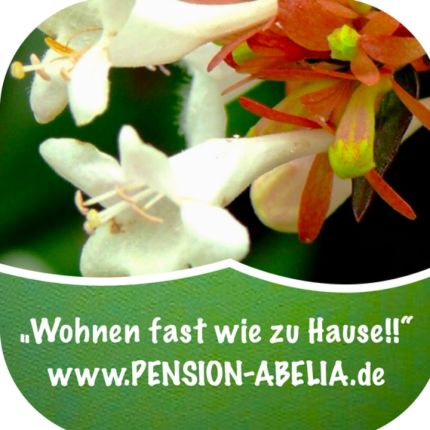 Logo van Abelia Pension und Ferienwohnungen Helmstedt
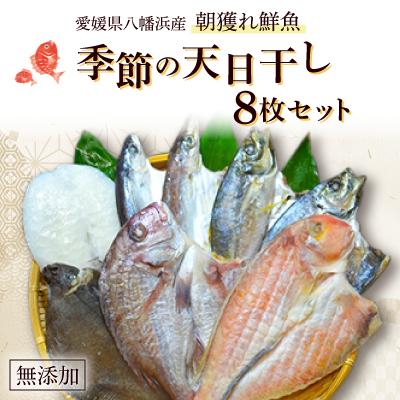 ふるさと納税 八幡浜市 無添加・天日干し ピチピチ朝獲れ鮮魚の一夜干し8枚セット[D26-1]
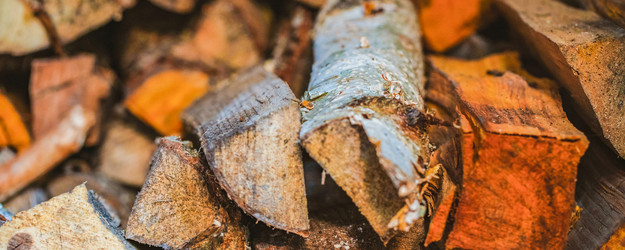 Similar image 21827742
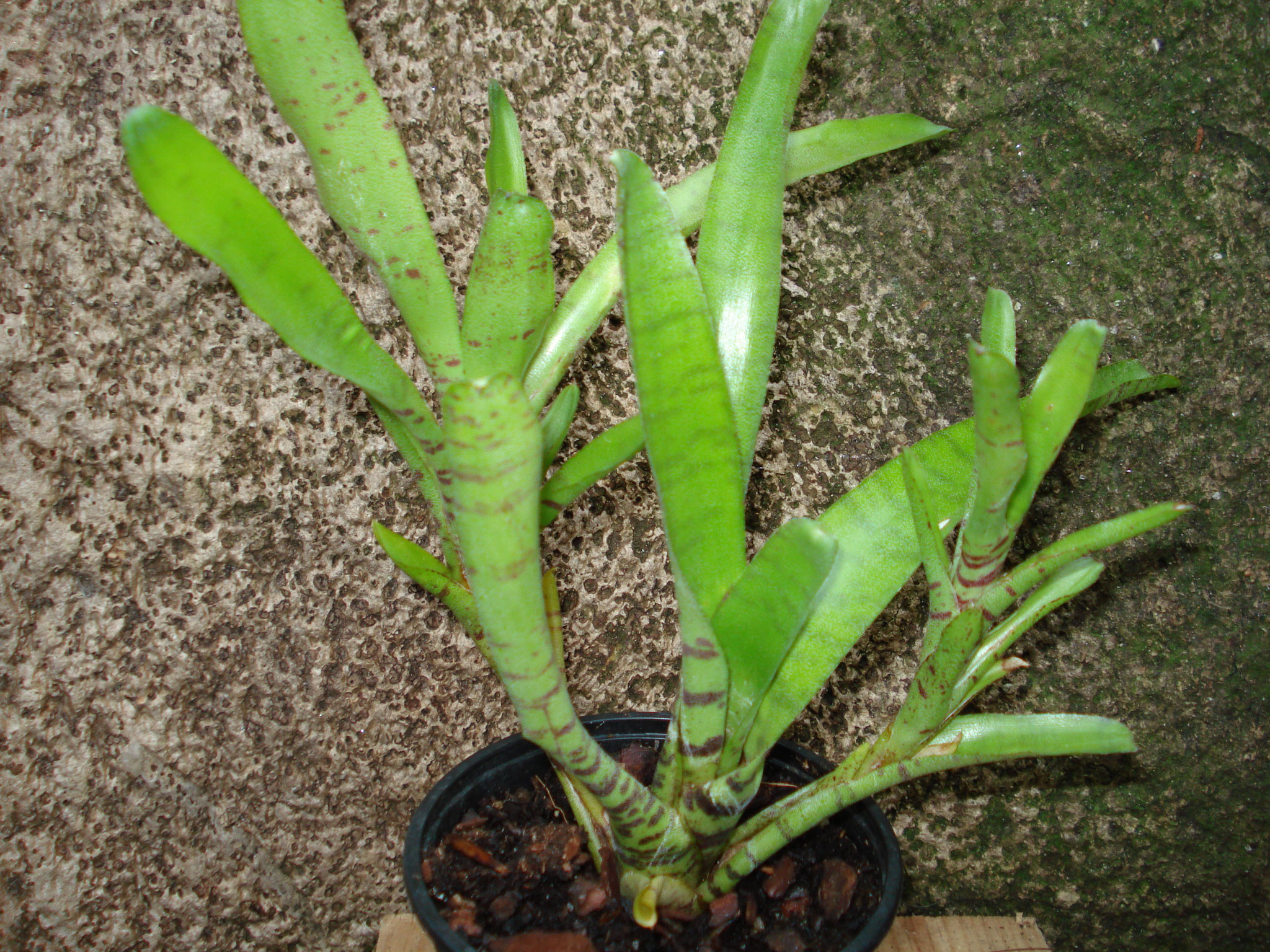 Neoregelia ampulacea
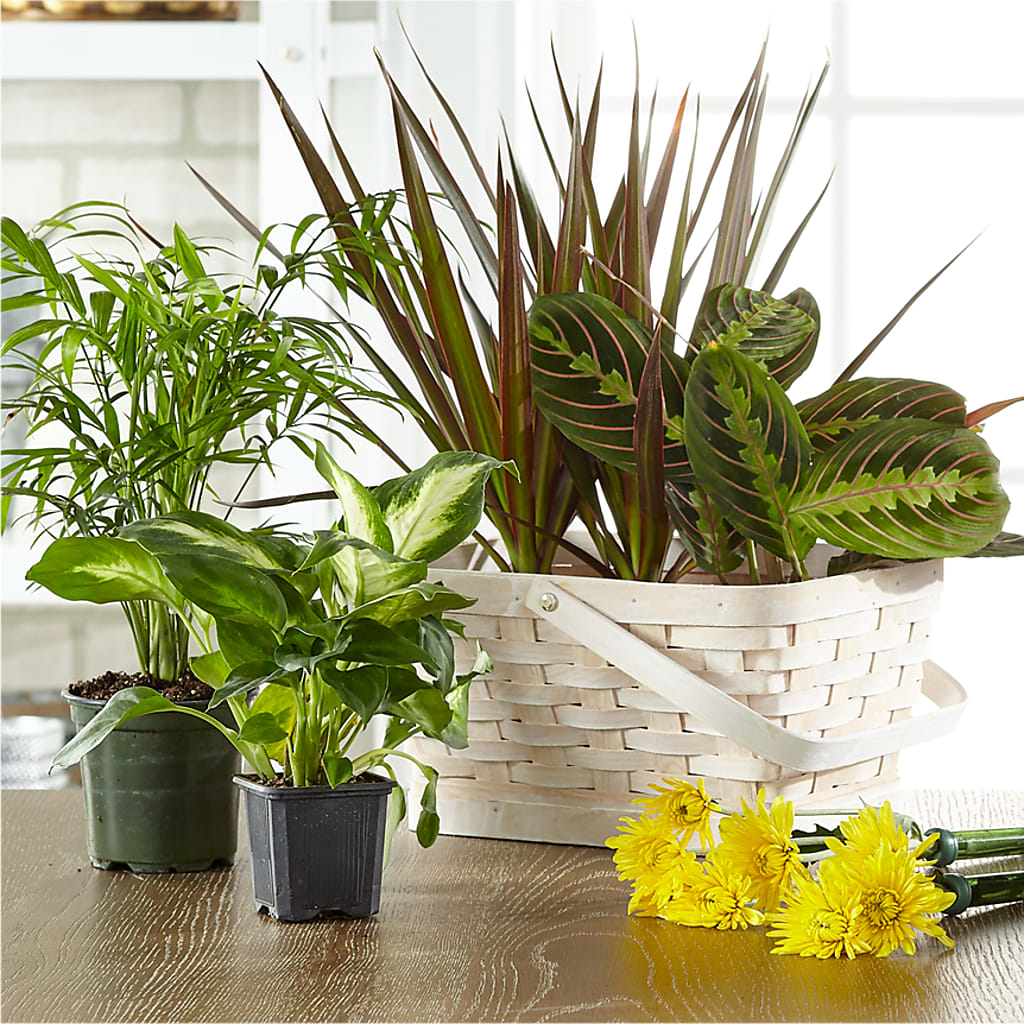 Florist Designed Blooming and Green Plants in a Basket – PARKER'S FLORIST, Madison AL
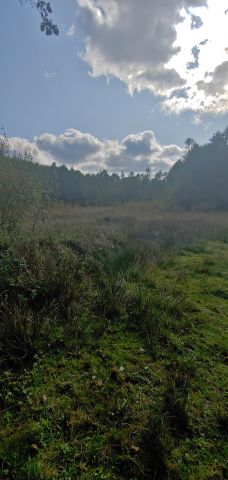 Działka inwestycyjna Bobrowska Wola. Zdjęcie 1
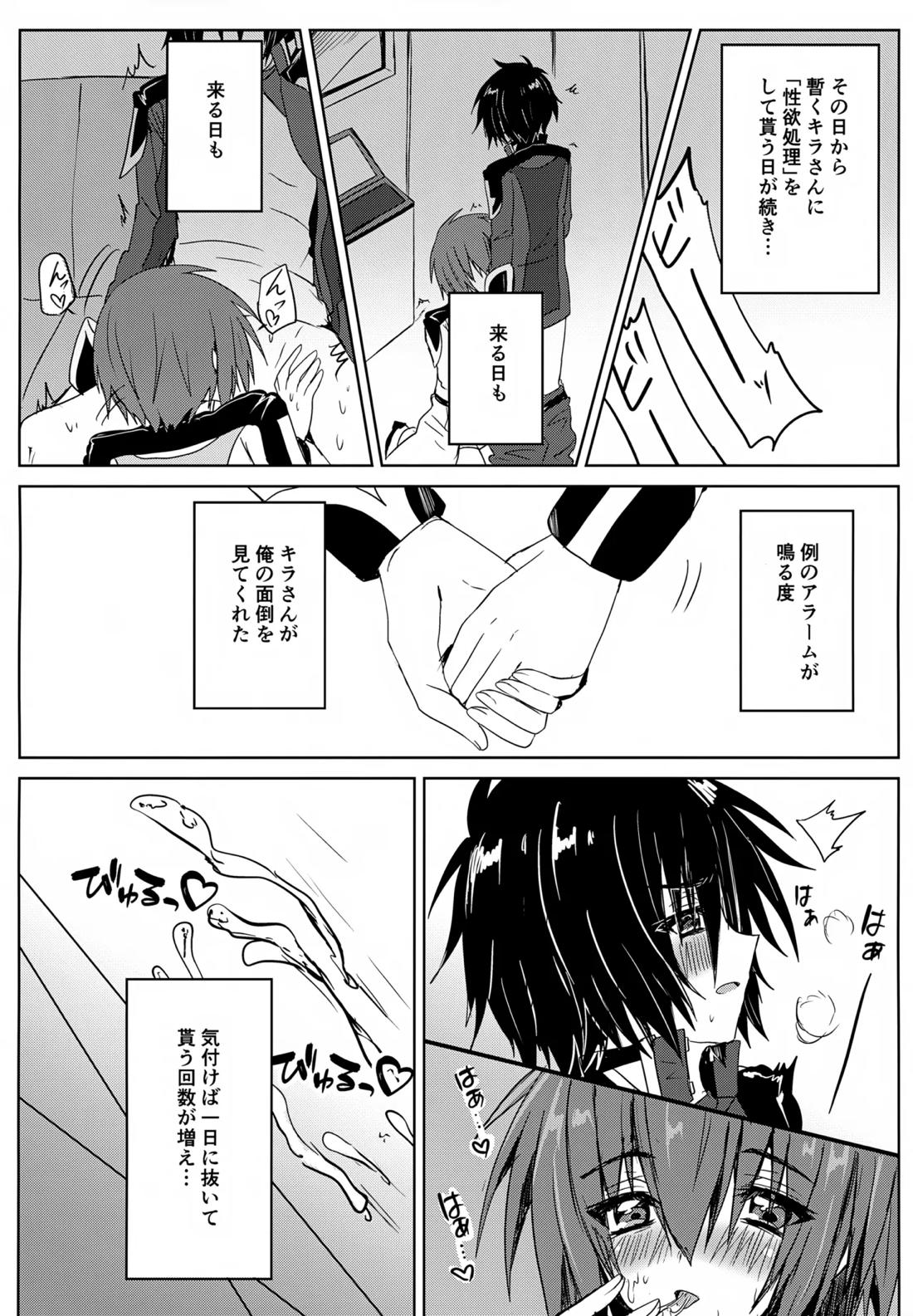 コンパスクリーン月間【機動戦士ガンダムSEED DESTINY/シンキラ】 page 15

▸ WHAT YOU ARE ASKED TO DO
Take the line containing "Neoregelia ampulacea" and every line after it up to the end of the data, and write them out exactly, without the pictures.

▸ SOLUTION TO THIS PROBLEM
 Neoregelia ampulacea
 Florist Designed Blooming and Green Plants in a Basket – PARKER'S FLORIST, Madison AL
 Działka inwestycyjna Bobrowska Wola. Zdjęcie 1
 コンパスクリーン月間【機動戦士ガンダムSEED DESTINY/シンキラ】 page 15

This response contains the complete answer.